Beer, Sex and Violence: Rough Road to Manhood in Cambodia

Kak Vey wants a girlfriend one day. But for now, the eighth grader doesn’t even speak to girls in his class.

“I am scared,” the 15-year-old Vey admitted on Thursday afternoon while relaxing along the riverfront with two friends on Koh Pich.

Young men relax near Wat Phnom in Phnom Penh on Thursday. (Siv Channa/The Cambodia Daily)
Young men relax near Wat Phnom in Phnom Penh on Thursday. (Siv Channa/The Cambodia Daily)

Vey’s teenage fears and dreams —and the internal conflicts they caused—were common to the 120 participants in a new study of 16- to 19-year-old young men living in Kompong Cham City and Kompong Speu province’s Odong district. The research, conducted by public health researchers from New York’s Columbia University, was published online last week in the journal Culture, Health, and Sexuality.

The study found that many of the young men were grappling not just with changing identities, but also with evolving cultural expectations around drinking, violence and gender equality.

In small group sessions and writing activities, the teenagers said cultural norms made it difficult to find help wading through the confusions of adolescence. Sex was particularly problematic.

“It is Cambodian custom not to talk about this,” according to a teacher in Kompong Cham City—one of 10 adults who were also interviewed. “Some boys just know through mass media such as radio or television.”

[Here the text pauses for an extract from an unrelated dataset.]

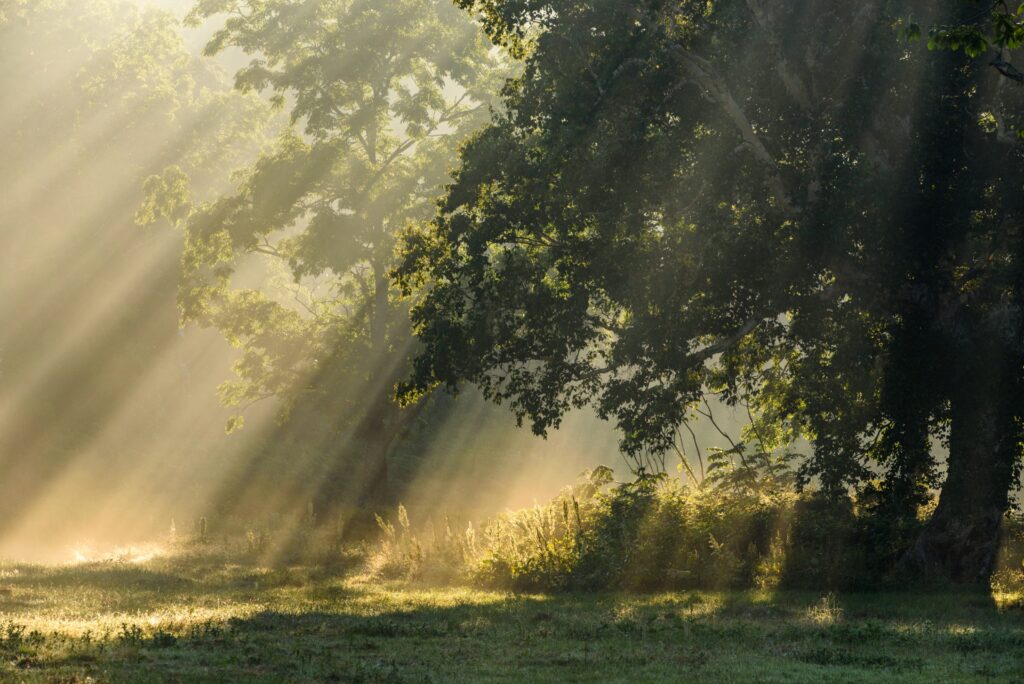 AdobeStock_232741074 AdobeStock 232741074 1024x684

The cultural stigma attached to discussing sex was contrasted by the teenagers’ easy access to the sex industry at guesthouses, beer gardens, massage parlors and KTVs—past studies have shown the stigma may be linked with lack of condom use.

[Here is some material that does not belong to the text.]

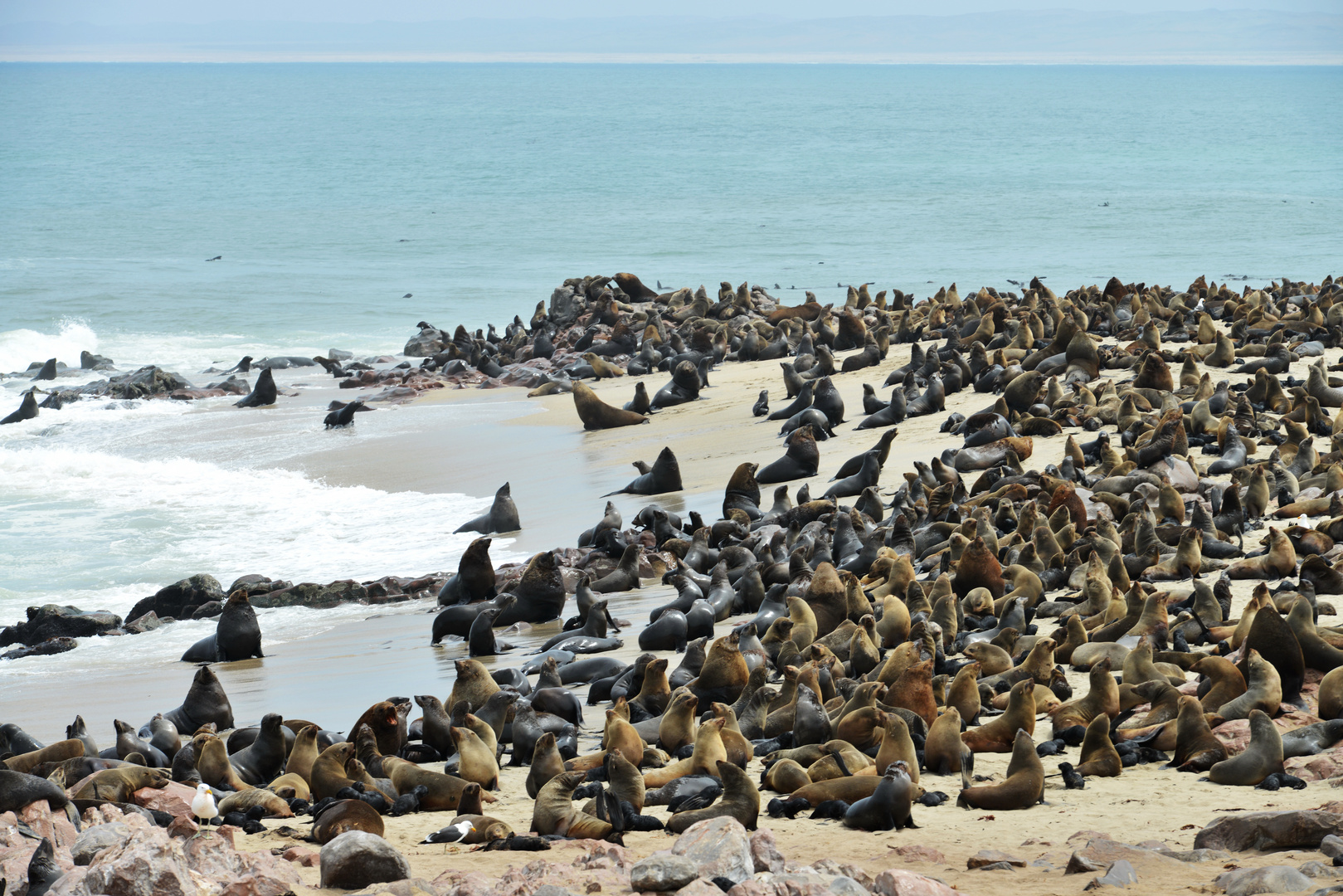 Cape Cross: Seelöwenkolonie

The silence also spurred shame among some of the participants.

“Everyone tells us we should feel guilty for thinking about sex—teachers, parents, sisters, brothers and grandparents,” one teenager said.

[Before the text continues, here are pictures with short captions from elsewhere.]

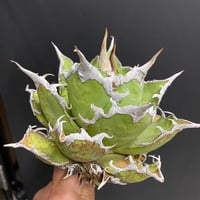 アガベチタノタ 冠鷲 クラウンイーグル | Kenmay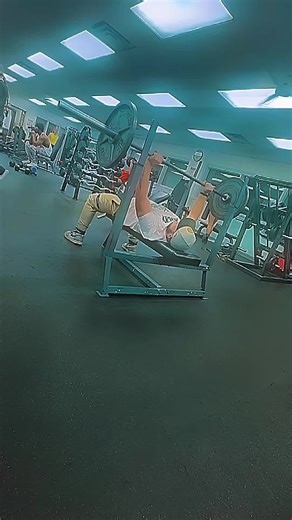 Alpha coin is here to stay, be an Alpha. Join the movement today! $1BMC incoming! $ALPHA#AlphaFitnessChallenge #BothHoldingAlpha@alphaofsol @brodyc52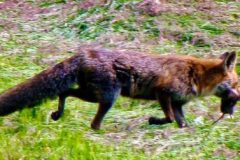 opt-fuchs-1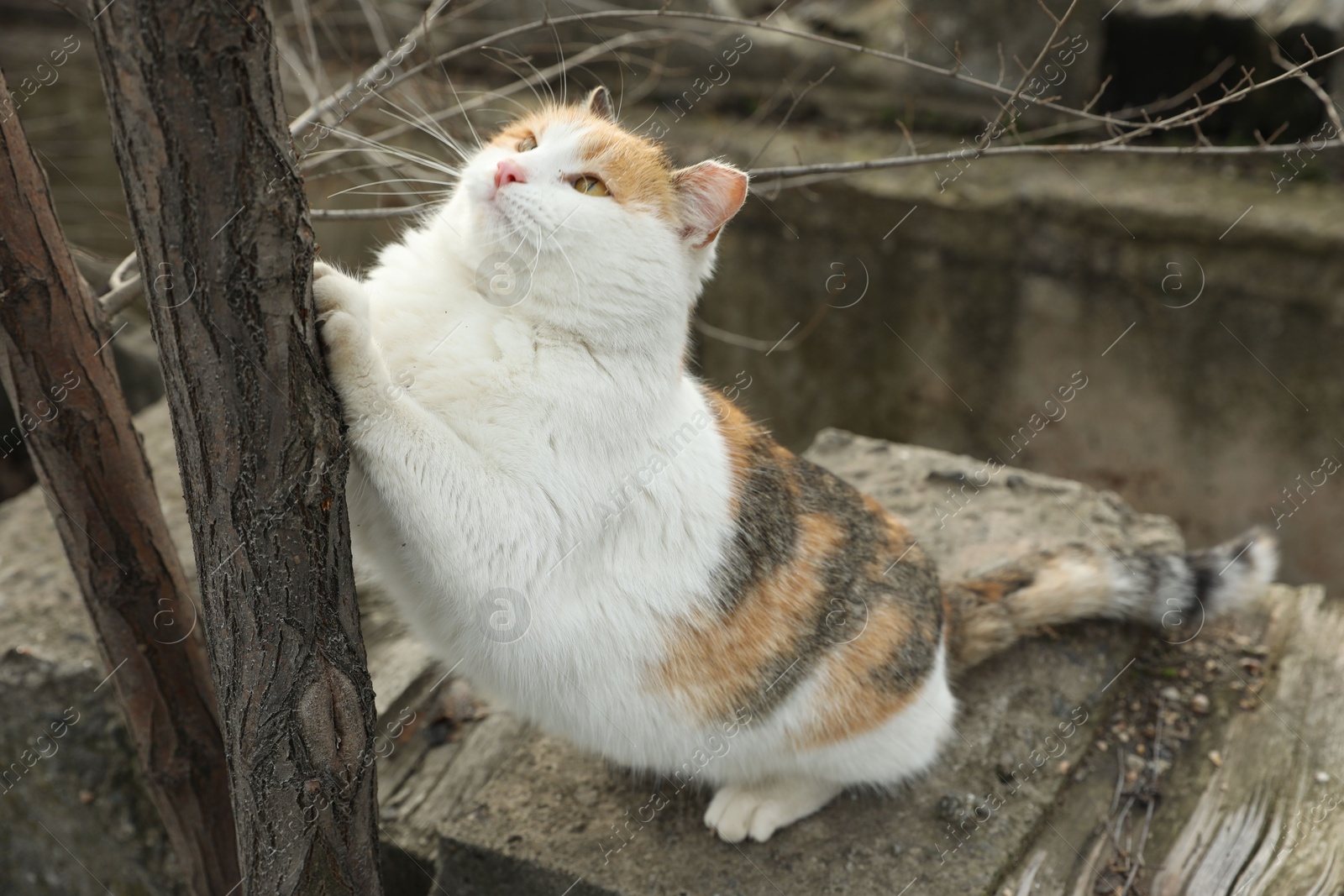 Lonely stray cat outdoors. Pet homelessness problem Photo of Lonely stray cat outdoors. Pet homelessness problem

Becoming a man meant independence, responsibility and sometimes, emotional suppression. As one participant put it, “I need to earn money and be tough.”

Many said they’d seen the ugly side of that toughness demonstrated at home, with half of all Cambodians under the age of 18 saying they have experienced physical violence firsthand, according to a 2014 study by Unicef. Women and mothers were also common victims.

In rural areas, men “think it is not an embarrassing thing to hit their wives,” one participant from Kompong Speu said. “They think that hitting their wives shows strength.”

But participants said that gender norms appeared to be changing in cities, where wives were reported to be “treated more as equals” and “valued by husbands,” according to the study.

Alcohol was a changing phenomenon, with adults reporting younger people drinking more regularly than they might have dared in the past.

The researchers say their findings are not necessarily representative, and call for more studies on Cambodian masculinity.

Kak Vey said that he, for one, plans on avoiding drinking and smoking. For now, he says he is more interested in watching Barcelona crush its football rivals than chatting up female classmates.

“In the future, I want to be a police officer, because my father is one,” he said.